Amid anger over deadly Mexico train crash, president vows justice

Mexico City’s mayor says a structural problem likely caused the collapse that killed 25 people and injured more than 70 others.

A man standing by the coffin of Jose Hernandez Martinez who died on Monday night when an overpass of the metro partially collapsed in Mexico City, Mexico [Edgard Garrido/Reuters]

Jose Luis Hernandez Martinez crossed Mexico City every day on subway Line 12 between his home on the city’s south side and the body shop where he worked repairing mangled cars.

The 61-year-old’s train had emerged from beneath the city and was jostling along the elevated portion far from downtown late on Monday night when two of its bright orange cars suddenly fell into a void.

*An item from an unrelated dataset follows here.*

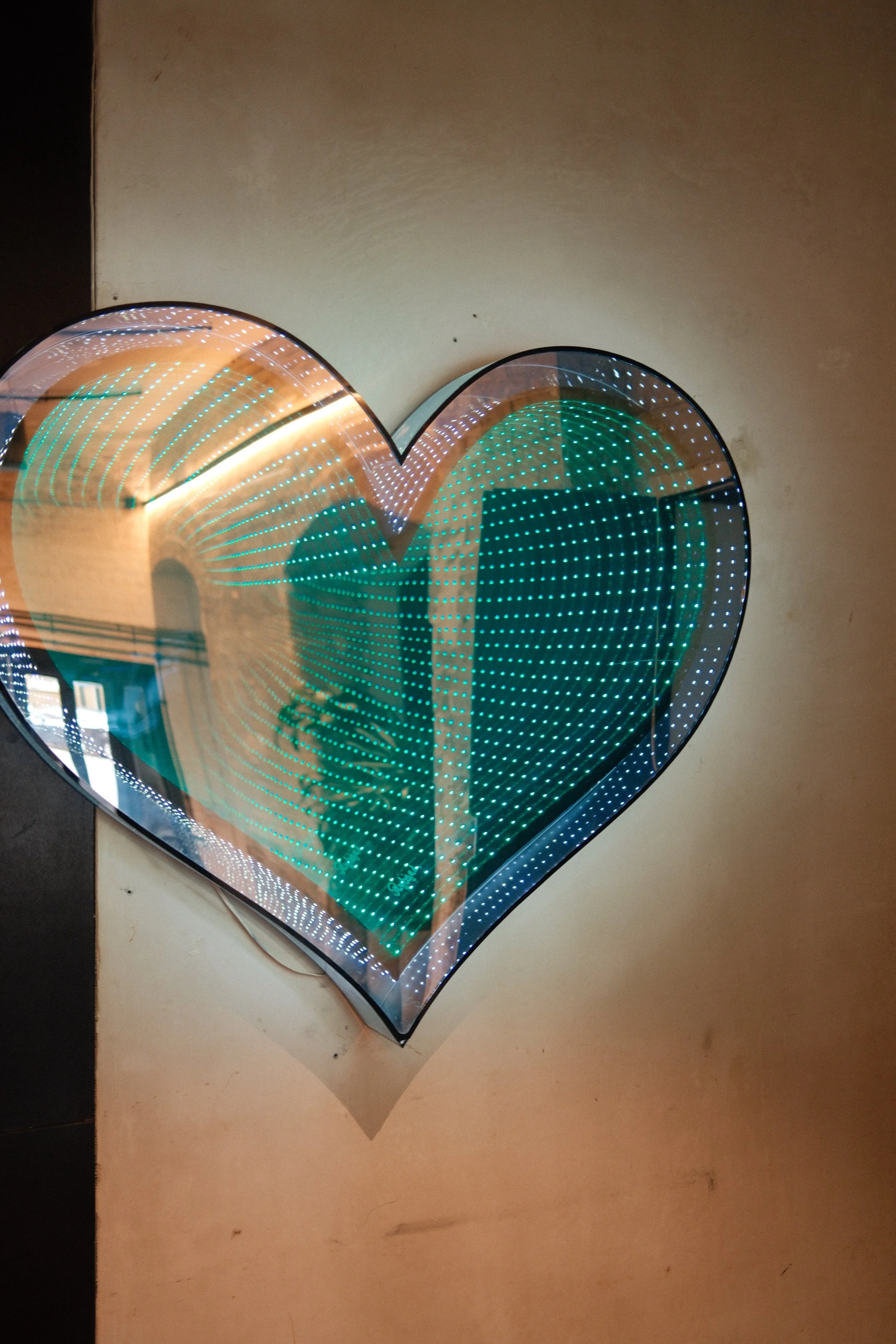 A heart-shaped LED light with green and white lights, reflected on a surface.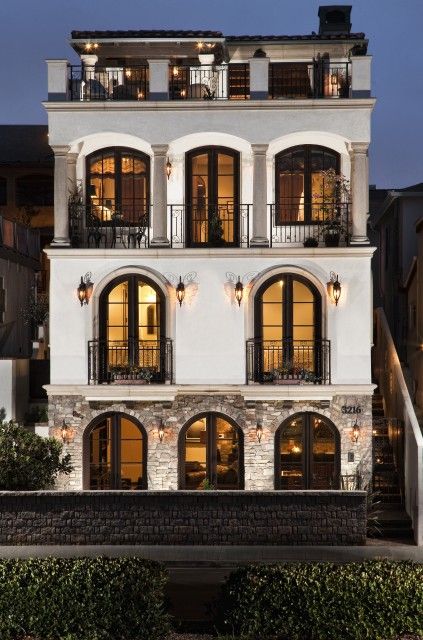 Love the abundance of arched windows on this Mediterranean-style villa  (via David Watson, Architect) Mediterranean Exterior, Casas Coloniales, Mediterranean Decor, Pool Design, Arched Windows, Mediterranean Style, Home Fashion, 인테리어 디자인, My Dream Home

Hernandez Martinez was killed instantly, his son Luis Adrian Hernandez Juarez said, one of 25 people who died in one of the world’s largest subway system’s worst accidents on Monday night. More than 70 others were injured.

“My father was recovered without vital signs, with trauma to his thorax, his brain, his feet, his knees,” Hernandez Juarez told The Associated Press, gripping the death certificate.

He said emergency personnel told him his father was crushed beneath other passengers. “It’s really terrible to see your father that way for the last time.”

Hernandez Juarez planned to bury his father on Wednesday as a string of funerals began across the city of more than nine million people amid boiling anger and frustration among the victims’ families and those who ride the sprawling subway daily.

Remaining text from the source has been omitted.